Tools for Writers

Here are some software tools for writers, particularly novelists.

I have had Scrivener installed for months, but I have not used it, because my internal censor says, “Fiddling with new software is not writing.” (Blogging, however, is.)

Anyone have experience with it? Is it significantly better than Word, Open Office, or anything like that?

Dave Haxton at MacRaven, in a post titled “Why Crunch Mode Doesn’t Work,” endorses the Pomodoro Technique for pacing your desk work.

It’s good, although you don’t need special paper and a T-shirt. I sometimes use a basic wind-up kitchen timer and set in a bookshelf on the other side of the study, where I won’t be tempted to look at it until it dings.

7 thoughts on “Tools for Writers

  1. I’m of the index card generation; I get a futuristic rush when I use post-its. Having said that I know a non-fiction writer that uses Scrivener and adores it. Having read a little about it, it seems to me worth the trouble of learning it. For one thing, my index cards keep getting wrecked when stuffed into my baby laptop bag. The biggest issue for me is I don’t use a Mac. So I’m going to have to try the Beta system available for Windows.

    1. I’ve been playing with Scrivener and I love it, but I see what you mean about the EndNote problem. Luckily Scrivener for Windows is still in Beta so they may address that situation in future versions. I hope so, because I am a non-fiction writer as well.

  2. I haven’t tried Scrivener, but a quick review looks exciting for several non-fiction projects I currently have, particularly a complex book that keeps getting reordered.

  3. Daniel Cohen

    I used Scrivener for my article on Asherah in “Goddesses in World Culture”. It enabled me to keep all my research notes in one project, to work on several sections and decide later where they should go, and a number of other useful features.
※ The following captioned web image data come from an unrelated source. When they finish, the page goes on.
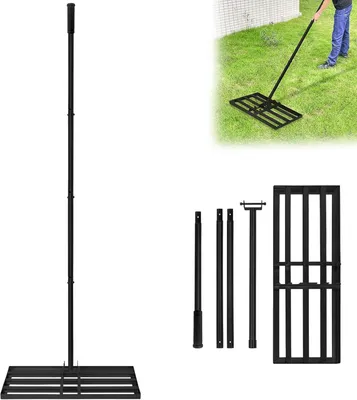 Immagine prodotto di QEENTOE, raschiapiano per la manutenzione del prato da golf, con manico, dimensioni 25 x 75 cm, colore nero, utilizzabile su campi da golf, campi da calcio, nonché in giardini privati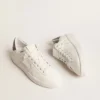 Zapatillas Purestar para mujer con estrella de piel blanca y lengüeta del talón con purpurina antracita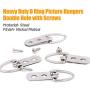 Rustark 60-Pcs Heavy Duty D Ring Picture Hangers Double Hole with Screws for Home Decoration Picture Hanging Solutions.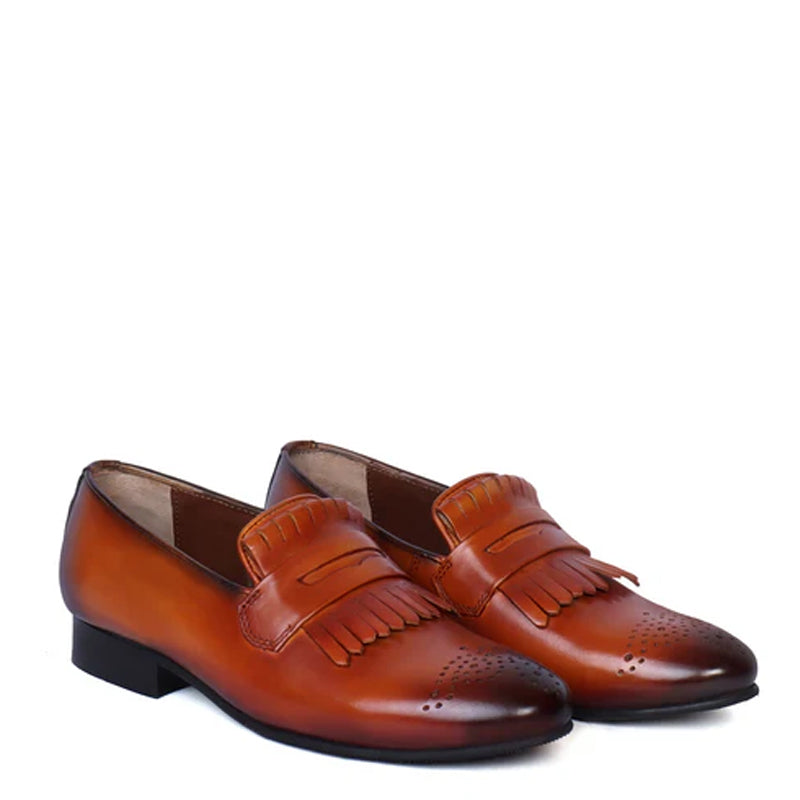Patent Leather Slip On Tan Shoe With Fringes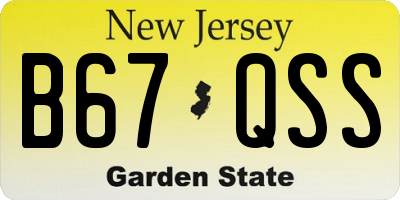 NJ license plate B67QSS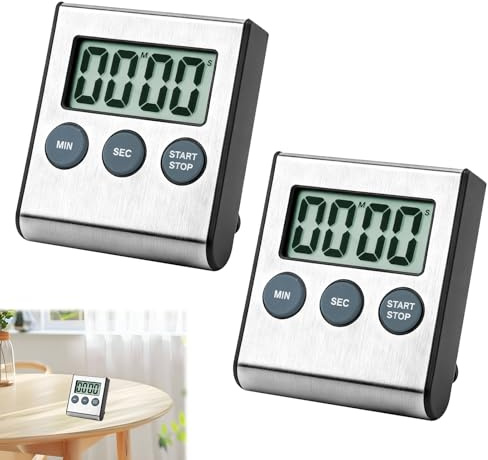 2 Stück Kurzzeitmesser Küchentimer,Timer,Eieruhr Digital,Mit Display,Digitaler Timer Für Küche Schule Sport,Digitaler Kurzzeitmesser Zum Sport/Kochen/Lernen,Timer Mit Magnet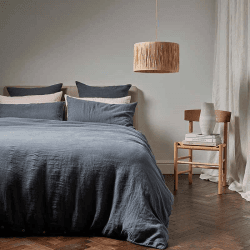 Image showing the Linen Super King Duvet Cover, Ink product.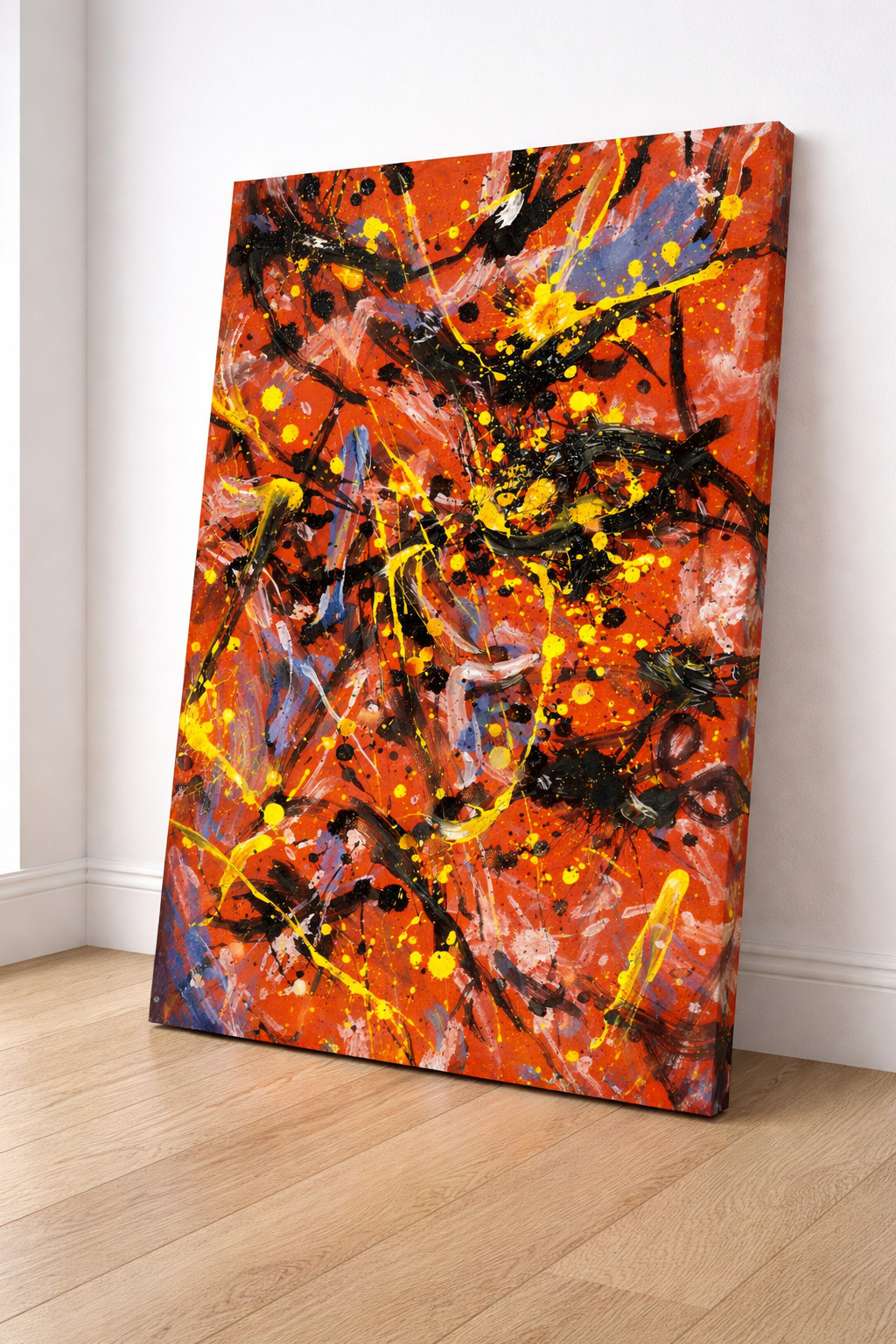 24×36 in Abstract Expressionist Canvas Art Print – Modern Action Style Wall Art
To some extent it replaces index cards.

    It isn’t comparable to Word and related programs. In fact, the final stage of working is to export the whole document to Word. But it is far better than Word for rearranging text, for looking at text and research notes at the same time and so on.

  4. Pitch313

    I’d say that if the software you currently use to write with more or less meets your requirements and doesn’t drive you crazy with glitches or peculiarities, there’s not much reason to change or add another application to your tool kit. Unless you are a collector or a reviewer.

    Even though I am a fan of life hacks, I find that lots of them aim at targets that I am not aiming at. Tactics like the Pomodoro technique just don’t apply to the realities of my own time/task management. Or it works not to keep me attentive to a task but to get me to take a break.